Testing is not just “beating
at the code”. You need to start with an
organized plan. If the spec says “spaces
are allowed anywhere in the move string except within words” your test plan
should include systematically trying a space at every allowed point in the move
string. If the spec gives a complex rule
for comparing two objects then your plan should include systematic checking of
every possible step in the comparison process.
C. Write test cases first
Yeah, that's right. Write'em before you
write a line of code.
You're going to have to write them sometime, and doing it first makes
you think more carefully about special cases, and forces you to really read the
spec. This in turns makes your code more
accurate.
Starting with test cases is
one of the elements of agile development. Like any new approach to software development,
agile has its proponents and detractors, and it has some good ideas and some
dubious ones. But test-driven
development is almost universally accepted as one of the best ideas introduced
by agile development, and for good reasons.
D. Read the spec carefully
Missing a point in the spec
is one of the most common errors, and one that cannot be checked any other way
than by hand. Go over the spec carefully
when you design test cases. As you cover
each sentence or phrase in the spec, highlight it out on a printout, or keep an
ECopy with strikeout marks on it. This will force you to consider each part of
the spec and not skim over some essential portion of it.
Another good tip is to state the
spec in negative form, and test as if you are verifying negative form. “Spaces are allowed at any point” =>
“Spaces will result in an error at every point.”, and then you write your test
to confirm that (which it of course should not be able to confirm unless
there’s a bug).
E. Test the simple stuff
A surprising number of bugs
show up in areas like I/O validation, error checking, etc. Focusing only on the difficult logical
portions of the program is a mistake; most bugs are simple things that are
obvious once tested.
F. Test the error cases, the rarer cases, and the
boundary conditions
A surprising percentage of
code that is shipped professionally has never
been run. Much of this code is in
branches designed to handle exceptions, unusual cases such as zero-length
input, etc. Think carefully to be sure
you try every error condition, all the odd boundary conditions, etc.
Situations that don’t arise
easily are often buggy. For instance, in
a checkers-playing program from my 305 class, an important test case was a
series of checkers jumps that ended with the jumping piece returning to its original location.
This is really hard to make happen in checkers, but it can be done, and
a lot of programs broke on this. Many
sophisticated programs have a few odd cases like this that you must
deliberately design for.
G. Use random testing, but recognize its limitations
Writing random test-case
generating code is a good way to get lots of test cases generated quickly, but
it has two significant limitations:
i.

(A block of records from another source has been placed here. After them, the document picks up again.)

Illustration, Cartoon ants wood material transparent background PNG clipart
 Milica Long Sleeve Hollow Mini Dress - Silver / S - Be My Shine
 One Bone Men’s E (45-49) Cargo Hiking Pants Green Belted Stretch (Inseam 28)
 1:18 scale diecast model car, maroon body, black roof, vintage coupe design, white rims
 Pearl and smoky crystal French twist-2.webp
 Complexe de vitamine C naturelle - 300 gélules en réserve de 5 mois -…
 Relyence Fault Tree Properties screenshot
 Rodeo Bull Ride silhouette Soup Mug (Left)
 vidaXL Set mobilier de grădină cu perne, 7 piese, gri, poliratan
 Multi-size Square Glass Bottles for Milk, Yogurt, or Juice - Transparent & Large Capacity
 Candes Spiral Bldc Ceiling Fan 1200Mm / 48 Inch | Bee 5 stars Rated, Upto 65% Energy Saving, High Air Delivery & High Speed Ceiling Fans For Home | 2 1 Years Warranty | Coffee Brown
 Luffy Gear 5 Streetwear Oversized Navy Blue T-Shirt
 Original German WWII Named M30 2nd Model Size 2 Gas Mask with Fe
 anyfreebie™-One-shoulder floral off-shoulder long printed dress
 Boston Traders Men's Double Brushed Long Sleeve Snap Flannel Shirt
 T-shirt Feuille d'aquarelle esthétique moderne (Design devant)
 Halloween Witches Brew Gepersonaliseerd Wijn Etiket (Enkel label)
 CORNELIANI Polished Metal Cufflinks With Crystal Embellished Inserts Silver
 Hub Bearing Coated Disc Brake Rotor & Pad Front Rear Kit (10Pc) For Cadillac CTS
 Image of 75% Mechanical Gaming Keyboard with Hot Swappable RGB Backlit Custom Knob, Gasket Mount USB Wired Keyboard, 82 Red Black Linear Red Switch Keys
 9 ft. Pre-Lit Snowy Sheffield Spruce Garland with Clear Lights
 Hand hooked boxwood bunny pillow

In practice, you’d need to determine whether the
outcome of the random test runs was correct (you wouldn’t have an existing
reference implementation to run against) so big random test runs are most
useful for uncovering bugs with obvious effects like seg
faults.
ii. It takes a lot of random
test data to arrive at some rare conditions that could be generated quickly
with a carefully designed test.
H. Automate your tests so they’re easy to run
Build a system that lets you
run tests easily and automatically. Automating
tests is increasingly common in industry, not least because it makes rerunning
the full test suite easy. Regression
tests, in particular, benefit from this because once you’ve fixed the bugs from
a regression, you need to run the full regression again to be sure your fixes
didn’t introduce new bugs (this happens surprisingly often), and this is only
feasible if the regression can be done by machine.